Payroll and interims costs increased by EUR 147.9m mainly driven by the impact of the new subsidiaries (EUR 152.1m). The reported average year-on-year staff showed an increase of 2,057 FTE and interims, generating extra costs of EUR 155.8m, explained by the integration of FTE and interims of the new subsidiaries. The price effects and others have a negative impact of EUR 5.2m, mainly explained by indexation of salaries, impacts of the CLA, merit increases, partly compensated by tax shift and employee benefits (non-cash profit related to the termination of transport benefit). Those negative impacts were partially compensated by a positive mix effect (EUR 13.1m).
Not taking into account the impact of the integration of new subsidiaries, SG&A excluding transport costs and interims decreased by EUR 0.6m.
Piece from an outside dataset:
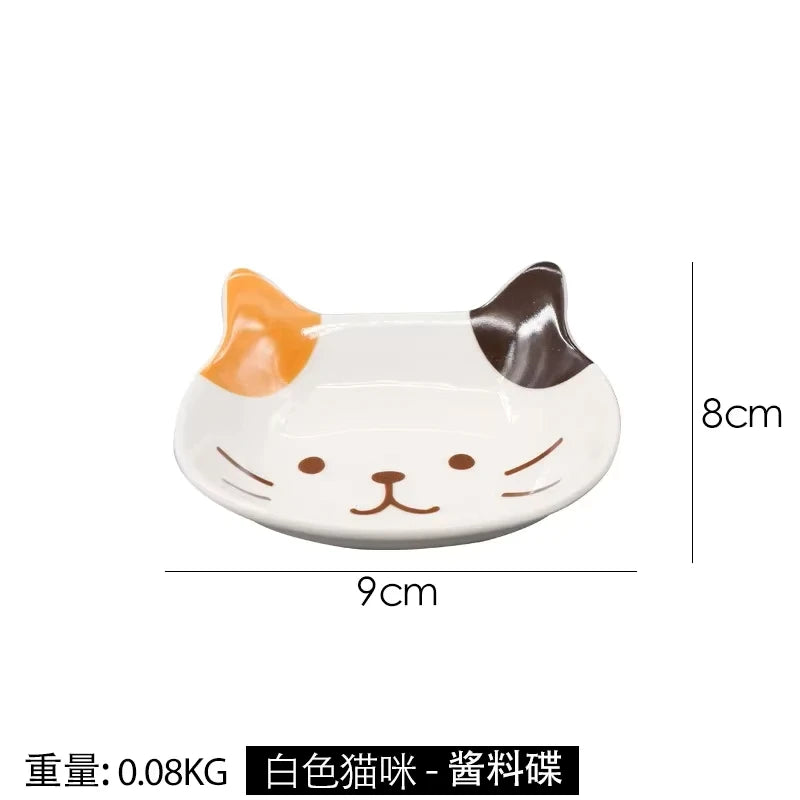 White ceramic cat-shaped sauce dish with brown accents, measuring 9cm by 8cm.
The variation is mainly due to the decrease of third party remuneration fees, offset by the increase of rental costs and energy delivery.
Transport costs amounted to EUR 217.2m, EUR 157.0m higher compared to previous year, mainly due to scope change (EUR 129.2m) and the evolution of international activities.
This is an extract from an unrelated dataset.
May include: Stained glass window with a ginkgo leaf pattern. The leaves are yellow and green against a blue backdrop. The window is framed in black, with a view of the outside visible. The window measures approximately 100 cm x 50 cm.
Other costs increased by EUR 199.7m but only slightly increased by EUR 0.8m when excluding the impact of the integration of new subsidiaries.
Net cash outflow decreased compared to the same period last year by EUR 76.1m to EUR 110.0m.
Free cash flow amounted to EUR -576.6m in the fourth quarter of 2017 (EUR +34.5m in 2016).
Cash flow from operating activities decreased by EUR 76.9m compared to the same period last year to EUR 46.7m mainly due to a deterioration in working capital (EUR -77.2m) as a consequence of peak sales season of Radial combined with lower outstanding trade payables.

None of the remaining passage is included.